I was in a post office recently for other reasons, so I asked for a book of stamps. (I do occasionally send physical letters still.) The clerk pointed to a display showing about 20 different custom stamps and asked me which ones I wanted.
Several were people I didn't recognize (which doesn't mean I don't know them; I'm bad with faces and stamps aren't large). Some looked like "logos" of a sort but it wasn't clear what causes they supported. One had Arabic text on it. One said "Harry Potter". One had a big heart (Valentine's Day leftovers, maybe?). Most or perhaps all had small text that would probably have clarified who the people were or what the others were for, but I couldn't read the text at that size in the amount of light that was there, and I didn't want to hold up the line with what should have been a simple operation. But I didn't want to buy something I might not want to be using on my mail, either. (I once ended up with some very-religious Christmas stamps because I didn't specify. I won't make that mistake again.)

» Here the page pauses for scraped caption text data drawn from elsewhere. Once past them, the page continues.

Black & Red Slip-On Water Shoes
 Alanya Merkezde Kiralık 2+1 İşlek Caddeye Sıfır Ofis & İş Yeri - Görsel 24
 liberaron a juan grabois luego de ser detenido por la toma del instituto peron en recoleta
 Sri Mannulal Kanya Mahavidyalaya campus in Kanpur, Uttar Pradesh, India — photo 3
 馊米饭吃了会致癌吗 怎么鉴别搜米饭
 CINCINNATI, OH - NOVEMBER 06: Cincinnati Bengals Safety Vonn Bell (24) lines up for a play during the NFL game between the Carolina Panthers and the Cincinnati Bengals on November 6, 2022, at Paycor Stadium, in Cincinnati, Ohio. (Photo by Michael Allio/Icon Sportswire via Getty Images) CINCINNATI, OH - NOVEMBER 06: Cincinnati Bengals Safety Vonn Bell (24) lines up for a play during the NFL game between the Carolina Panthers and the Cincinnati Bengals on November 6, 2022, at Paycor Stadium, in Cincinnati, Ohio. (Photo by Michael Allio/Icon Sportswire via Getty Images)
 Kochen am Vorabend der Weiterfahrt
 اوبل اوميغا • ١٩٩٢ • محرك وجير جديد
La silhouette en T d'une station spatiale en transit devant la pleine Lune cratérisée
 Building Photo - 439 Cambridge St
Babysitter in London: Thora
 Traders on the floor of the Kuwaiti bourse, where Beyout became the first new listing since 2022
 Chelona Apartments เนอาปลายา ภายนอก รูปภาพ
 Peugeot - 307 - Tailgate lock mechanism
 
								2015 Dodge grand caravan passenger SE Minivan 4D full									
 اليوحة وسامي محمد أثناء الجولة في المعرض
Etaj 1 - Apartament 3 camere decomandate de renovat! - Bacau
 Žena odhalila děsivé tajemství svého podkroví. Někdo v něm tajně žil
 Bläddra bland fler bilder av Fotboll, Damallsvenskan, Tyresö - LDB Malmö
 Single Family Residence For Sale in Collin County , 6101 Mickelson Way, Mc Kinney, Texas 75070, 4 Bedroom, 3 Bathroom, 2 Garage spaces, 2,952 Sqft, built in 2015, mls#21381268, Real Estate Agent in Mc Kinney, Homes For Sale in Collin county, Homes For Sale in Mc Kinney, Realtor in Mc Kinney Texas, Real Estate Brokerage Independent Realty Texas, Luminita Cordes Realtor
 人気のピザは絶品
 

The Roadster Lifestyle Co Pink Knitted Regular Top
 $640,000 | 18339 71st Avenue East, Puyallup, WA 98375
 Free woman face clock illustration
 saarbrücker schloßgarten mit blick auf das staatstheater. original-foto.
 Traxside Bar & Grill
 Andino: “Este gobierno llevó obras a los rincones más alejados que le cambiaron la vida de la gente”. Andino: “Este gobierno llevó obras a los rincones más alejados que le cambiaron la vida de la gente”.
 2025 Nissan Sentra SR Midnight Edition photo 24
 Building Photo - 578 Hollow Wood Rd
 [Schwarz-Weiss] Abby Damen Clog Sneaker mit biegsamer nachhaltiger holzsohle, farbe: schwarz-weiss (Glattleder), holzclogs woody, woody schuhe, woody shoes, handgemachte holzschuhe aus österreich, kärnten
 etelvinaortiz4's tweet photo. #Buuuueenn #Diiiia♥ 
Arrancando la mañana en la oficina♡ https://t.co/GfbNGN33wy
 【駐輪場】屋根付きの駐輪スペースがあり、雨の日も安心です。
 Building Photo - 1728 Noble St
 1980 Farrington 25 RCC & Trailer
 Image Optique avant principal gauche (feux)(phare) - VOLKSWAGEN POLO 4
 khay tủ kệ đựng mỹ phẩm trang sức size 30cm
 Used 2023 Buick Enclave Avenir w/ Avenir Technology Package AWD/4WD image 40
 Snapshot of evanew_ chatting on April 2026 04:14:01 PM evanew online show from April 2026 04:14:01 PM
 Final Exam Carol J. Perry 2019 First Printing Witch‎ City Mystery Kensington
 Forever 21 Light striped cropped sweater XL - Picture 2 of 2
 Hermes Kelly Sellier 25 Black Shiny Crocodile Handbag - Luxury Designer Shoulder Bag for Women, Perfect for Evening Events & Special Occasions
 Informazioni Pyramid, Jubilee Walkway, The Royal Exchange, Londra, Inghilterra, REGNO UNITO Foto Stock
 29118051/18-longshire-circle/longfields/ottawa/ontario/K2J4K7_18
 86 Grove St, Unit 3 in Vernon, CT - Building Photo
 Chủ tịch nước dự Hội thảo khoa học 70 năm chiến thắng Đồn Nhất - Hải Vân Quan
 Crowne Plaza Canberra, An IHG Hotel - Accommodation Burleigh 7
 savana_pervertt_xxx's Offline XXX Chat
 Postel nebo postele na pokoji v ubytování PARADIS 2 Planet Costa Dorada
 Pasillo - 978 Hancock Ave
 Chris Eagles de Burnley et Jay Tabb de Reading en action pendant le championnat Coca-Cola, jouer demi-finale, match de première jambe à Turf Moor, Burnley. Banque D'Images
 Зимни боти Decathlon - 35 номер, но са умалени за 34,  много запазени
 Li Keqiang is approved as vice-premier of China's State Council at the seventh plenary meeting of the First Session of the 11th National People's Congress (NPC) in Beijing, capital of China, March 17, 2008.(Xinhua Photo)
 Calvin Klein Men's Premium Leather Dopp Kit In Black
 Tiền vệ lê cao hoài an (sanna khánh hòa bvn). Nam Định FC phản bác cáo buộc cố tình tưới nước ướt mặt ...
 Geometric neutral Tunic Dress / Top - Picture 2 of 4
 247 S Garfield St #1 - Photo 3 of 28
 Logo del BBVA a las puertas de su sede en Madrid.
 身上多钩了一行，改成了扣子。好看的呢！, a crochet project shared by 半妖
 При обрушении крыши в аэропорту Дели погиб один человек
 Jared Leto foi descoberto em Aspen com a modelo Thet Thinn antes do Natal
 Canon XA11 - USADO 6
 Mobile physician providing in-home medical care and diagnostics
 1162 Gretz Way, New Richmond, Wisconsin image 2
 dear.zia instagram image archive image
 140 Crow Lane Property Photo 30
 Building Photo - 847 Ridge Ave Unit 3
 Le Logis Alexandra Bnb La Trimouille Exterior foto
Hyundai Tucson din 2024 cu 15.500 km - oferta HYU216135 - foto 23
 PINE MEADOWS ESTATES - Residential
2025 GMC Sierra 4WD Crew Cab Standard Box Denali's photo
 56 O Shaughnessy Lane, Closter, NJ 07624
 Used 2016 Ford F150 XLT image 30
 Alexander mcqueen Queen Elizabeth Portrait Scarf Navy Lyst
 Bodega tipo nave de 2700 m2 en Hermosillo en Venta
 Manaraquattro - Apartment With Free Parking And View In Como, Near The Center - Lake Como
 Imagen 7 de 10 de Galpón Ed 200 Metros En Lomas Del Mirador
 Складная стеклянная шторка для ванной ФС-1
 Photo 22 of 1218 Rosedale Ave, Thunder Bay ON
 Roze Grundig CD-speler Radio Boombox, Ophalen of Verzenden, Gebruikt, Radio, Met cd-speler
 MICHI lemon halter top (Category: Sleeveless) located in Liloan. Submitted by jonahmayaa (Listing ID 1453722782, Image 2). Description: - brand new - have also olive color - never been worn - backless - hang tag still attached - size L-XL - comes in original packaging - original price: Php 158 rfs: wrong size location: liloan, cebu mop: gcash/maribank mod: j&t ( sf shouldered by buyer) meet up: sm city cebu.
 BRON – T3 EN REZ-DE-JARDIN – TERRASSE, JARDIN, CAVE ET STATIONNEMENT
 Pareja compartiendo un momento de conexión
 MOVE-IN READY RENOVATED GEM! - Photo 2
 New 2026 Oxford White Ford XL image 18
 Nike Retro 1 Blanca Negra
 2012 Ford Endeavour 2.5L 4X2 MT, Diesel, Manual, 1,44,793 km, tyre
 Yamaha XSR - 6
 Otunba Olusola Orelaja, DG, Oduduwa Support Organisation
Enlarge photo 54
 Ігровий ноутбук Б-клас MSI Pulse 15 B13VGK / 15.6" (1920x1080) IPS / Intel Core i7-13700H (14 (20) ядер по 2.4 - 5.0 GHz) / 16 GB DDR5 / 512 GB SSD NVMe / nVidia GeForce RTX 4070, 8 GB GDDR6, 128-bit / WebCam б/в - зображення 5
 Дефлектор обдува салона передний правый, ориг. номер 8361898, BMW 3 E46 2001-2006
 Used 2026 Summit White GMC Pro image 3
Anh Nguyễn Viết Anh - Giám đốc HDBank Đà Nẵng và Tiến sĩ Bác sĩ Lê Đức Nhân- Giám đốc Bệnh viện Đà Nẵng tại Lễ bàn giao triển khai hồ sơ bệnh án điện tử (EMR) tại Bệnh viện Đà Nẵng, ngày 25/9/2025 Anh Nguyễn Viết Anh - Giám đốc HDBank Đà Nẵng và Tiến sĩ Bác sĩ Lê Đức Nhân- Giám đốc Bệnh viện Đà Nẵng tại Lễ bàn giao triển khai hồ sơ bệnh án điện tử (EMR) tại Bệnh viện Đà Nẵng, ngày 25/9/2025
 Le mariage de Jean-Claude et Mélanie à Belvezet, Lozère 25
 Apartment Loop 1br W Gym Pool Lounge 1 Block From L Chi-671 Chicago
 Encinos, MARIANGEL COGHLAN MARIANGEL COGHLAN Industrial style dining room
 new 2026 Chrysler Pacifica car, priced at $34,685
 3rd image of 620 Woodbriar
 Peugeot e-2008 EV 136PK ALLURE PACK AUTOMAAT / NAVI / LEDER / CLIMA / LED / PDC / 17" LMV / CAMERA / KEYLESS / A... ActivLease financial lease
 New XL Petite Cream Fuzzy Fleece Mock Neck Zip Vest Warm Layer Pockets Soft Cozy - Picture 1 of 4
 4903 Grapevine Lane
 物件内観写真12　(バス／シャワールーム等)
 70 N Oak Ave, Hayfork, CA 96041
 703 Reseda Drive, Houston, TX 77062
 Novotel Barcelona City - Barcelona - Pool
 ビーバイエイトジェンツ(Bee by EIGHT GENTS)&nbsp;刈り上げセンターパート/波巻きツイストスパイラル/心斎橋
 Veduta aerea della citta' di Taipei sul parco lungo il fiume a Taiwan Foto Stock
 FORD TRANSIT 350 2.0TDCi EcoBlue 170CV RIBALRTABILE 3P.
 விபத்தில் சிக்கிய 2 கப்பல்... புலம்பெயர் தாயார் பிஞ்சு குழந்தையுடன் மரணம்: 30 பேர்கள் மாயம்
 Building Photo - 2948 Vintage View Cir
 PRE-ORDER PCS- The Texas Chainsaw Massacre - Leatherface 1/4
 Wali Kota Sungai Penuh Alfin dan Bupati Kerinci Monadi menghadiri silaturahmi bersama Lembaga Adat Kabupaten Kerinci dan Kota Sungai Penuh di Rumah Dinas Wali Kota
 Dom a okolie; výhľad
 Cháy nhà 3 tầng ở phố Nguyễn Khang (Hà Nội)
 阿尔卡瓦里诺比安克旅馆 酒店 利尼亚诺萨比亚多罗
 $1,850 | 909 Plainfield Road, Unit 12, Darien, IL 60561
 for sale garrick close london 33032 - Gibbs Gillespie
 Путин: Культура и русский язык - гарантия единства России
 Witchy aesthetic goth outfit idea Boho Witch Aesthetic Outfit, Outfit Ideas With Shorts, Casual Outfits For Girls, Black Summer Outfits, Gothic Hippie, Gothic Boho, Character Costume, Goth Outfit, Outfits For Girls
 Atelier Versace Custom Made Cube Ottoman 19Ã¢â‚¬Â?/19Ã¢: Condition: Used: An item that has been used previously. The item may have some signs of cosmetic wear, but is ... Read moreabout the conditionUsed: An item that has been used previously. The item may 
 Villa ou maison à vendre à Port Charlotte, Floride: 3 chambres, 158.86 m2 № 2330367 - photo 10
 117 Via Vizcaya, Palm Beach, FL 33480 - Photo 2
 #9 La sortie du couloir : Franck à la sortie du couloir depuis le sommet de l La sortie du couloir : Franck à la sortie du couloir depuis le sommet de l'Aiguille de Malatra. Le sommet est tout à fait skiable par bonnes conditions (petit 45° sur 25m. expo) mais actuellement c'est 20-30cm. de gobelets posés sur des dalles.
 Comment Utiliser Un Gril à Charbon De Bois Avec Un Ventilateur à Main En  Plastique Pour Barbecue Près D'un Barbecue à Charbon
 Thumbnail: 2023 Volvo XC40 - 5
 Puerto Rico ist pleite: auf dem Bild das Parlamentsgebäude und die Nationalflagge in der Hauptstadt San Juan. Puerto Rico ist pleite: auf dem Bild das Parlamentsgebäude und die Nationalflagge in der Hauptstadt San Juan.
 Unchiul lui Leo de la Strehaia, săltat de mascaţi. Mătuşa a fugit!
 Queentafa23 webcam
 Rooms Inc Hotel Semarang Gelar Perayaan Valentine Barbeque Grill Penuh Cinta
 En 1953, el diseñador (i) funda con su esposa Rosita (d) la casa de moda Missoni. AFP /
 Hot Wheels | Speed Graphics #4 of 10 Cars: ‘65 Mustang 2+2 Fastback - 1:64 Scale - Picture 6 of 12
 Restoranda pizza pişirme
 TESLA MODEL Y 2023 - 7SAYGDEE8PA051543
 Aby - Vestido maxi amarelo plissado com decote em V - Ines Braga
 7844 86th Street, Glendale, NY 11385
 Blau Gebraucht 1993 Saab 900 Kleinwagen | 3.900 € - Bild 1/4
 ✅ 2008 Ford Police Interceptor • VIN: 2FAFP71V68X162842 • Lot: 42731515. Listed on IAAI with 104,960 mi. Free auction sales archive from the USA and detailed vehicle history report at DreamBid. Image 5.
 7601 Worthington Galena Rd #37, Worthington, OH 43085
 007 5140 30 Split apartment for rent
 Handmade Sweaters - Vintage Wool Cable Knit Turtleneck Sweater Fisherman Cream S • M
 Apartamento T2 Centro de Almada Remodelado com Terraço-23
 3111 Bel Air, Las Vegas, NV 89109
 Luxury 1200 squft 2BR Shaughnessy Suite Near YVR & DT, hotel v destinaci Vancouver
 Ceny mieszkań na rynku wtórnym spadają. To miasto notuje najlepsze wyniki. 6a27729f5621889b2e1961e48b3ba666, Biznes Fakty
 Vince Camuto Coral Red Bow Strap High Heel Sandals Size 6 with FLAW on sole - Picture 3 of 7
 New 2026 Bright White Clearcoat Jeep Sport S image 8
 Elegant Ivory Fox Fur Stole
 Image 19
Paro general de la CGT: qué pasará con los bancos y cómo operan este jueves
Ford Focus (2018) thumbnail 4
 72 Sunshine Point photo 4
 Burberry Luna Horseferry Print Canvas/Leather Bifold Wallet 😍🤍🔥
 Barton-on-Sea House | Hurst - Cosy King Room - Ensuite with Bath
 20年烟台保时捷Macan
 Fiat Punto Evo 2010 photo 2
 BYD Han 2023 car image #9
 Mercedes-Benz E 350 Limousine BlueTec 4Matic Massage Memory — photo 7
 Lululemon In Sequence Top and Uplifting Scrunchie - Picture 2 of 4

So I asked: don't you have something generic, like Liberty Bells (that's what my last set of generic stamps had) or flags? She dug around in the drawer and turned up some flags. I'm not especially patriotic, but they're unobjectionable so I took them.
As with quarters and license plates, I sometimes wonder if the desire to offer more and more customization options is starting to impede the primary purpose. I understand the desire to make special-purpose runs of stamps -- they're probably thinking that anything that helps make postal mail, or at least postage stamps, relevant is a good thing -- but in this case it hindered usability. Really, I just want something that conveys "mailing fee paid".
I'd happily buy flowers, fish, space shots (Hubble could supply), auroras, wildlife... anything like that. I like pretty stamps. It all beats flags and liberty bells. But faces of people I don't recognize seemed to dominate this set, and that's not very exciting to me.